Мегаобучалка Главная | О нас | Обратная связь  


Переключение генов у эукариот




У эукариот опероны отсутствуют, и система управления активностью генов более сложная. Во-первых, у эукариот включаются не три гена (или чуть больше), а целые батареи генов. Во-вторых, регуляция активности генов происходит не за счет связывания оператора с белком–репрессором, а за счет спирализации и деспирализации хромосом. В-третьих, у эукариот регуляция работы генов происходит не по принципу «да–нет», а по принципу «больше–меньше».

У прокариот регуляторные участки составляют примерно 5 % от всей ДНК, а у эукариот длина регуляторных участков соизмерима с общей длиной структурных генов. Регуляторные белки у эукариот влияют не только на работу генов в одной хромосоме, но и на активность функционально сходных генов в разных хромосомах. Например, a- и b-цепи гемоглобина кодируются генами, расположенными в разных хромосомах. Однако количество a-цепей равно количеству b-цепей.

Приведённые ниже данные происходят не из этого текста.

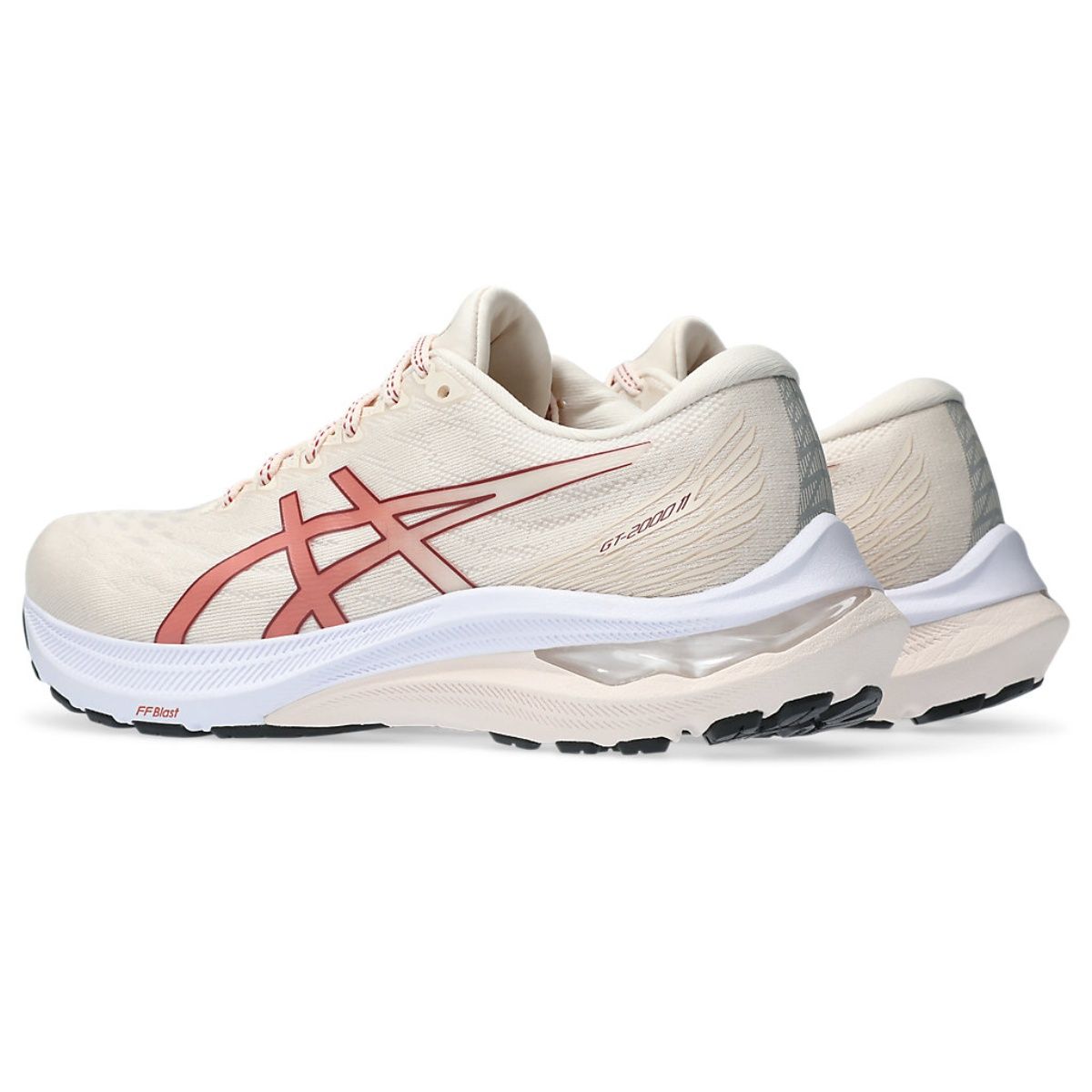 Asics gt 2000 2 on sale beige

Промоторы и операторы у эукариот могут быть удалены от структурных генов на значительное расстояние.

У многоклеточных эукариот в ходе онтогенеза из исходной клетки развивается целостный организм. На разных этапах онтогенеза в разных тканях с разной интенсивностью экспрессируются разные гены. Активность генов у эукариот регулируется разнообразными эндо- и экзогенными факторами, в том числе, и гормонами. Способность исходной клетки реализовывать генетическую информацию в ходе клеточных делений и дифференцировки клеток называется тотипотентностью. У растений тотипотентны и оплодотворенные яйцеклетки, и почти все соматические клетки. У животных тотипотентна только зигота (а также некоторые клетки низших беспозвоночных). Поэтому методы клонирования животных основаны на пересадке ядер из соматических клеток в энуклеированные яйцеклетки (то есть яйцеклетки с убитым ядром).

Выключение генов может быть обратимым и необратимым. У животных существует два типа дробления зиготы: недетерминированное (дифференцировка клеток на поздних стадиях онтогенеза) и детерминированное (дифференцировка клеток на самых ранних этапах дробления зиготы). В первом случае можно пересадить ядро из клеток кишечного эпителия головастика в яйцеклетку с убитым с помощью ультрафиолетового облучения ядром. Из такой синтезированной клетки разовьется нормальная лягушка. Во втором случае клетки передней части бластодермы дрозофилы способны формировать только структуры передней части тела имаго, а клетки задней части бластодермы – только структуры задней части тела.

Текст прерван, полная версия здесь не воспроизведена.